The Assault on Fort Blakeley: The Thunder and Lightning of Battle by Mike Bunn. History Press, 2021. Paper, IBSN: 978-1467148634. $21.99.
In the four years of the Civil War, Mobile, Alabama, made itself into the best defended city in the Confederacy. Its three lines of land defenses and the multitude of torpedoes (floating mines) in its near waters turned it into a bearcat to try to capture.
The idea of capturing it was part of Union campaign strategies earlier in the war. But the mobilization necessary to do the job simply couldn’t be mustered. By late 1864 every other major Confederate port city had fallen. All signs pointed to the coming end of the war and the defeat of the Confederacy. In early August 1864 Union Admiral David Farragut had run the two forts—Morgan and Gaines—guarding the entrance to the 30-mile long Mobile Bay and captured its waters. But there was no way he could capture the heavily armored city itself.
It could only be done by an army on land. Taking it from the west or north looked out of the question. The only feasible way to capture this elephant seemed to be from the relatively less protected east.
In April 1865, seven months after Farragut had stormed the bay, a 32,000-man Union army had finally been collected—half of it at Pensacola—ready to march to Mobile from the east. The other half of this juggernaut was collected in already captured Forts Morgan and Gaines, ready to attack Spanish Fort, one of two works guarding Mobile’s east side. The most formidable of the two forts was Blakeley, a few miles north of Spanish Fort. Blakeley was the target in the crosshairs of the 16,000-man strong Union force waiting in Pensacola. Among them were Black soldiers—one of the largest concentrations of them to take part in any battle of the war. The rebel force facing this double onslaught numbered but 9,000 men.
The march to Blakeley, its siege, its assault by the Union behemoth are the subject of Mike Dunn’s fact-packed, authoritative, and amply illustrated book. He has fashioned it into more than just an historical account of the campaign; it serves also as a guide to the site for today’s tourists. Another aspect of the book that is different is various sections given over entirely to first-hand accounts by the soldiers themselves, federal and Confederate.

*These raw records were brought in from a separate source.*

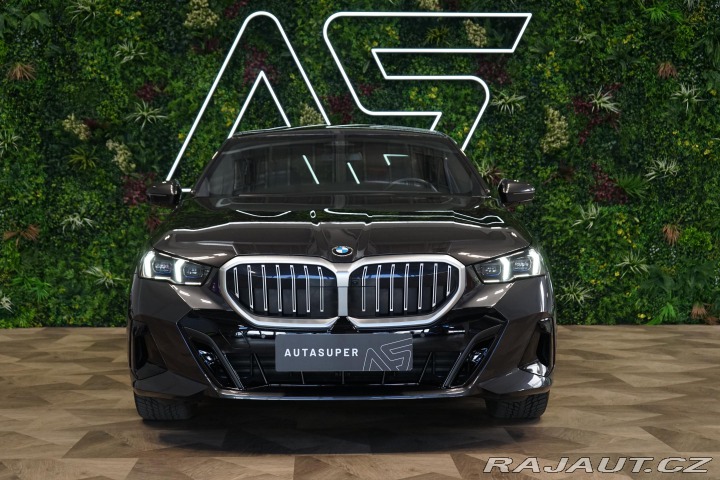 BMW 5 520d xDrive M-Sport H/K 3 2023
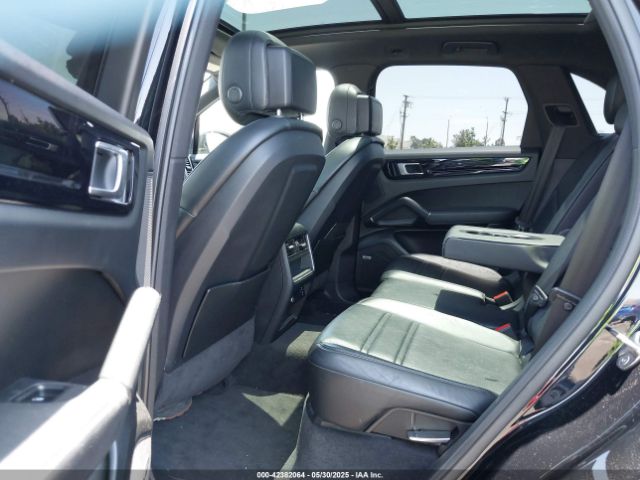 2021 PORSCHE CAYENNE WP1AA2AY1MDA08476 Photo 7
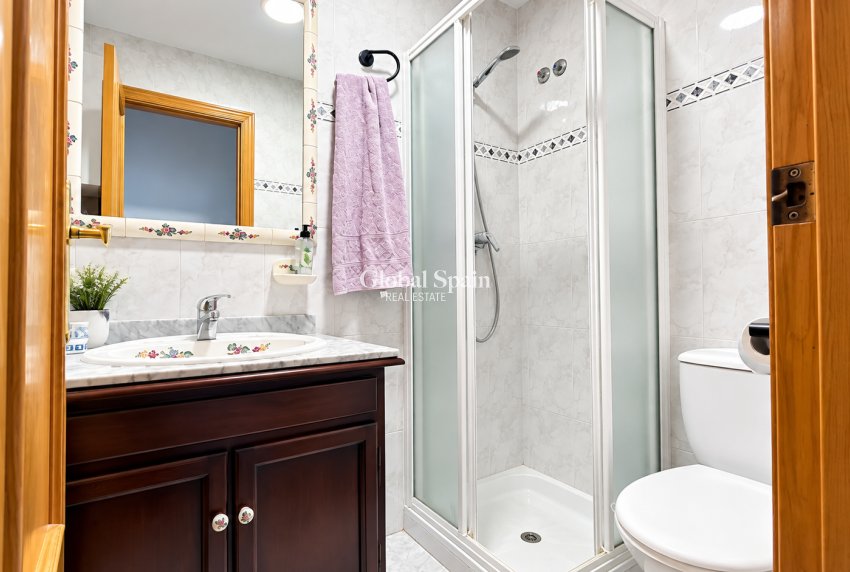 Resale - APARTMENT -
CALPE - Pueblo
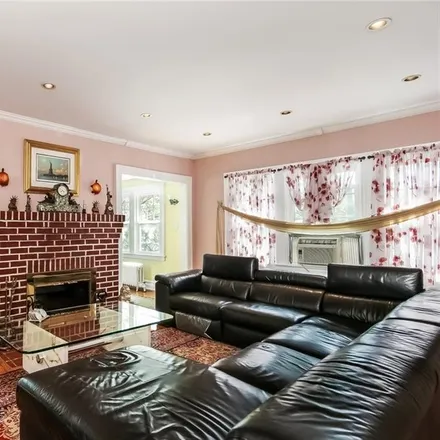 Image 6 - 1515 Madison Place, New York, NY 11229, USA - House for sale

The march itself was no walk in the park. Rain that been falling had finally ended. Then the misery started. One Union soldier said his passage was over “the worst country I ever saw for an army to march through.” Brigadier General John B. Hawkins said, “The march was a severe one on the men, being attended with constant labor, making corduroy roads to get the wagons through the almost impassible swamps.” An Illinois soldier testified that, “wagons sank in the sand to the hub.” Soldiers then had to drag them out.

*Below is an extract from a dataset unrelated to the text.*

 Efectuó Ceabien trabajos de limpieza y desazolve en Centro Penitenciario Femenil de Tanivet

Arriving in front of Fort Blakely, the Union soldiers, shovels in hand, laid on a siege that turned into twenty-four-hour-long firefights for a solid week. On April 8, the other Union contingent from Forts Morgan and Gaines, after its own siege, stormed Spanish Fort and captured it.
The next day after, at 5:45 in the evening, April 9, an overwhelming wave of 15,000 Union soldiers dropped their shovels and launched their own attack on Fort Blakeley.
It was full of peril getting there. A Union sergeant pointed out that Fort Blakely, “had all manner of obstructions known…for killing, maiming and obstructing progress.” It was a deadly obstacle course over scores of landmines buried in the sand, double lines of sharp-pointed abatis, fallen timber cut down and laid in every direction, and telegraph wire stretched from stump to stump. But the attacking wave plowed through it all into the fort itself.
In the embattlements it was, as one officer said, “blue and gray…all mixed together in hand-to- hand fighting.” But the fight was so overwhelmingly one sided that it lasted only twenty minutes. A Union colonel exulted, “The last defense of Mobile was ours; the last victory won, just as the sun was sinking in the west.”
Bunn’s book is devoid of descriptions of the siege and attack on Spanish Fort. It is a work centering exclusively on Fort Blakeley, and never pretends to be anything else. Bunn is the director of Historic Blakeley State Park. One of its merits, therefore, is that it is about as close to being from the horse’s mouth at as you are likely to get.